Seminar, co-teaching with Helene Romakin
Protect Us From What We Want
Protect Us From What We Want, 2024
Workshop with students of HKB (Bern Academy of the Arts) in a high-rise in Bern Bümplitz, Switzerland
Realize that you are on the 14th floor of a 20-story high-rise building. Do you have any ambivalent feelings for this concrete landscape? Can you imagine to life here?
With Protect Us From What We Want we inquire about the role of desires and dreams in society.
Artists can serve as role models and fuel desires within society. However, in the materialistic world, desires are often lived out in a consumerist manner. Yet, we are aware that we consume more than the planet can provide. We consider sleep and dreams as part of the immaterial culture, which needs to be valued in the Anthropocene. Sleep and dreams are also central phases, mediums, and methods of artistic work. They spark our imagination and awareness. Dreams are places where desires are renegotiated. Experiences in dreams are biologically as real to our brains as experiences in the waking state. Dreams allow us to experience things that we cannot do in reality. Through exploring dreaming, including lucid dreaming, daydreaming, and dreaming up, the workshop examines approaches to worlds that have long been considered irrational and alien. Using perception and attention techniques, we aim to utilize dreams positively, unlike focusing on “defects” or in neoliberal self-optimization strategies. Since all people dream and potentially remember dreams, and the countless interpretations of dreams offer many possibilities, dreaming as a phenomenon remains current, ambitious, and challenging.

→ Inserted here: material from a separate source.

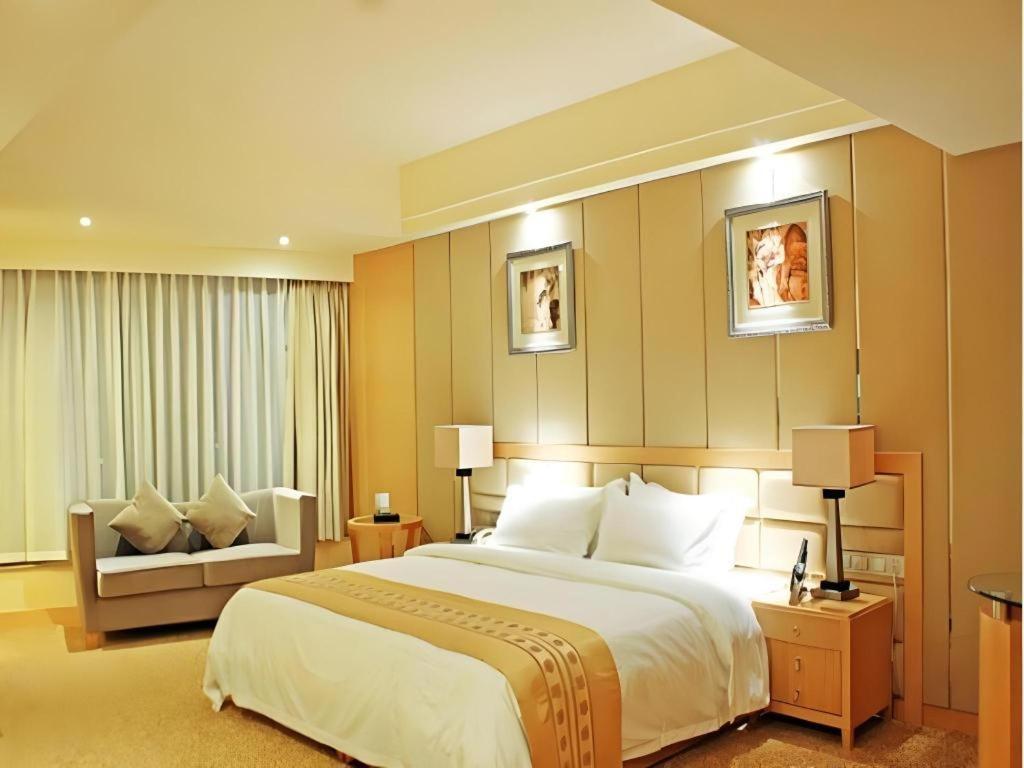 Chengdu Yinsheng International Hotel Supoqiao Экстерьер фото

Reiselust im Anthropozän? Storytelling und Träume als kritische Methoden, 2024
Seminar, Kunsthistorisches Institut, Lehrstuhl Moderne und zeitgenössische Kunst: Prof. Bärbel Küster, Universität Zürich
Die globalisierte Welt mit der Selbstverständlichkeit des Reisens für Recherchezwecke oder auch als Tourismus ist durch die in der Klimakrise zunehmend auftretende Naturkatastrophen stark beeinträchtigt. Weltweit stehen Universitäten vor der Herausforderung, nachhaltiges Forschen und Lehren zu ermöglichen und zu etablieren. Zum wissenschaftlichen Arbeiten gehören vor allem Dienstreisen der Mitarbeitenden, um Symposien, Konferenzen oder Summer Schools zu besuchen. Die UZH hat zum Klima‐Neutralitätsziel 2030 erklärt, die flugbedingten Treibhausgas-Emissionen deutlich zu reduzieren. Das Seminar befasst sich mit Reisen aus kunsthistorischen Perspektiven und hat zum Ziel, ein neues Lehrformat zu etablieren, welches die vorherrschende Reisenotwendigkeit in Lehre und Forschung kritisch betrachtet.
Gemeinsam suchen wir nach möglichen Alternativen aus der Perspektive von post-anthropozentrischen und postkolonialen Diskursen. Die Studierdenden erlernen experimentelle Methoden in ihrer Disziplin: Das spekulative Storytelling mithilfe von Aufmerksamkeitsübungen, Fiktionen, Träumen, Annäherung an künstlerische Methoden erlaubt es, neue analytische und kreative Horizonte zu öffnen, die die methodische Vielfalt innerhalb der Disziplin der Kunstgeschichte für das Zeitalter des Anthropozäns erweitern.
Protect Us From What We Want, 2022
Seminar and Innovedum grant, Chair of the History of Art and Architecture, Prof. Dr. Philip Ursprung, ETH Zurich
Have you ever resisted the desire to travel and tried to imagine this journey? What does travel mean in the post-Holocene era?
The seminar explores the relevance of the seminar trip as a format in architectural studies while researching possible alternatives from the perspective of post-anthropocentric and postcolonial discourses.
Imagination and abstraction are important skills in the architectural profession. The seminar aims to train students in precise descriptions and to expand them with fictional content. Discussions will elaborate on the advantages and disadvantages of traveling and being on-site. Students will learn to deal with archival material and with digital sources of information and to evaluate them in creative storytelling.
Protect Us From What We Want, 2021
The participants will be divided into "travelers" and "non-travelers". They form a tandem and are in exchange with each other via different media. The seminar will allow participants to explore their own imagination and capacity for abstraction with diverse methods, media and formats such as lucid dreaming and storytelling with documentary and fictional content.
The discussions will elaborate on the advantages and disadvantages of traveling and being on site. In the two different attentions of the students' tandem work, the digital experience and the real experience meet. Discussed are those elements and facts that benefit or come off worse due to the different perceptions.